しかし店内には小太りの中年男性がカウンターに座っている。身形はお世辞にも良いとは言えない。マスターである煉はその男と何やら話している様子である。





「いつも悪いね。」
そう言いながらコーヒーを出す煉。

「こっちも仕事でやってるんだ。気にしないでくれ。」
男は受け取った淹れたてのコーヒーを一口啜り、一服を決め込もうと懐の煙草に手を伸ばした。

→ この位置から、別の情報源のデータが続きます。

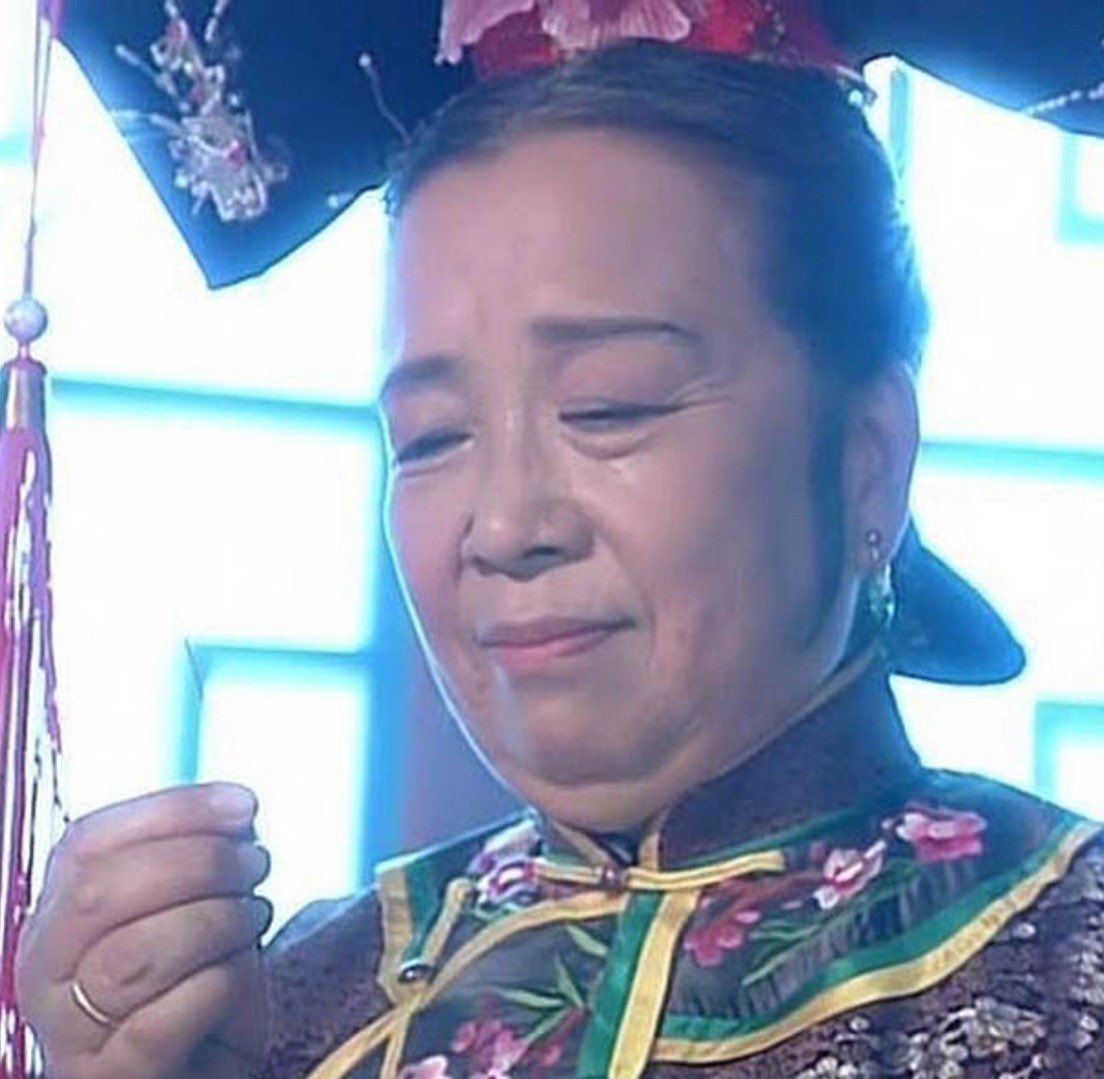 Хэвлэлийн эрх чөлөөний өдөр бол сэтгүүлчдийн баярын өдөр биш. Уудаг өдөр бүр биш. Мэдэх эрхийн төлөөх  эрх чөлөөний төлөөх тэмдэглэлт өдөр юм. 
Хэдий хагас эрх чөлөөтэй боловч бүтэн ЭРХТЭЙ болохын төлөө гээд Бүгдэд хэвлэлийн эрх чөлөөний өдрийн мэнд хүргэе❗️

ふう、と男が煙を吐くと煙草の匂いと煙ったさが二人の辺りを満たす。





彼は煉から依頼を受け、仕事をしている“業者”だ。人間界在住の吸血鬼へ血を売ることを生業にしている。
“業者”は彼だけでなく、組織的に存在している。

彼は人間だが吸血鬼に精通しており、紅杜にいる吸血鬼とも関わりを持っている。こうして人間の血を仕入れ、煉のような血が入手困難な吸血鬼に雇われたり、紅杜に血を売り渡したりしているのだ。また、仕事柄様々な人間、吸血鬼と通じているので情報も多く持っている。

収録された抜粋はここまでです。